=== Section Start ===

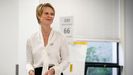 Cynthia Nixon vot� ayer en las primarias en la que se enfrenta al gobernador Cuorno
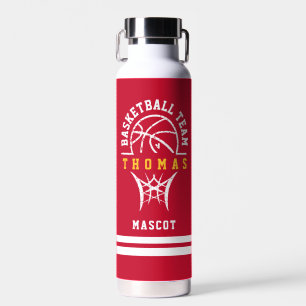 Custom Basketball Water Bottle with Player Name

=== Section End ===
=== Section Start ===

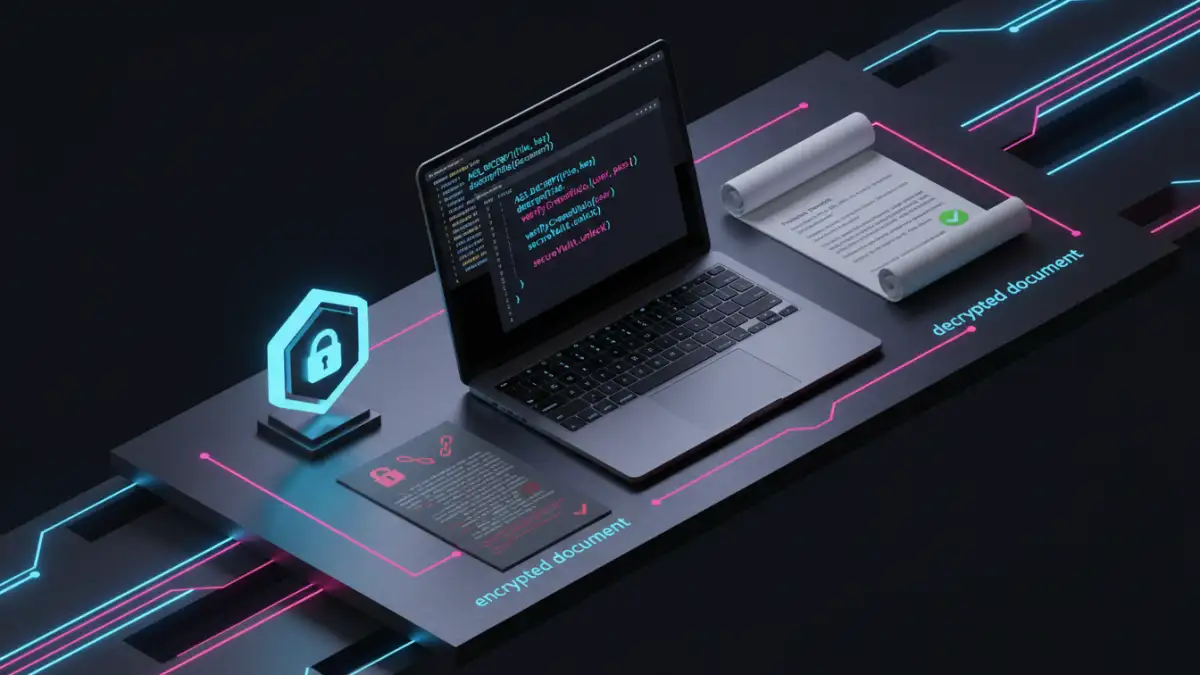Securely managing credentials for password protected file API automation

=== Section End ===

TASK = Above are records; repeat only the lines from the line with "Cynthia Nixon vot�" through the line with "Custom Basketball Water", and leave pictures out.

RESPONSE =
 Cynthia Nixon vot� ayer en las primarias en la que se enfrenta al gobernador Cuorno
 Custom Basketball Water Bottle with Player Name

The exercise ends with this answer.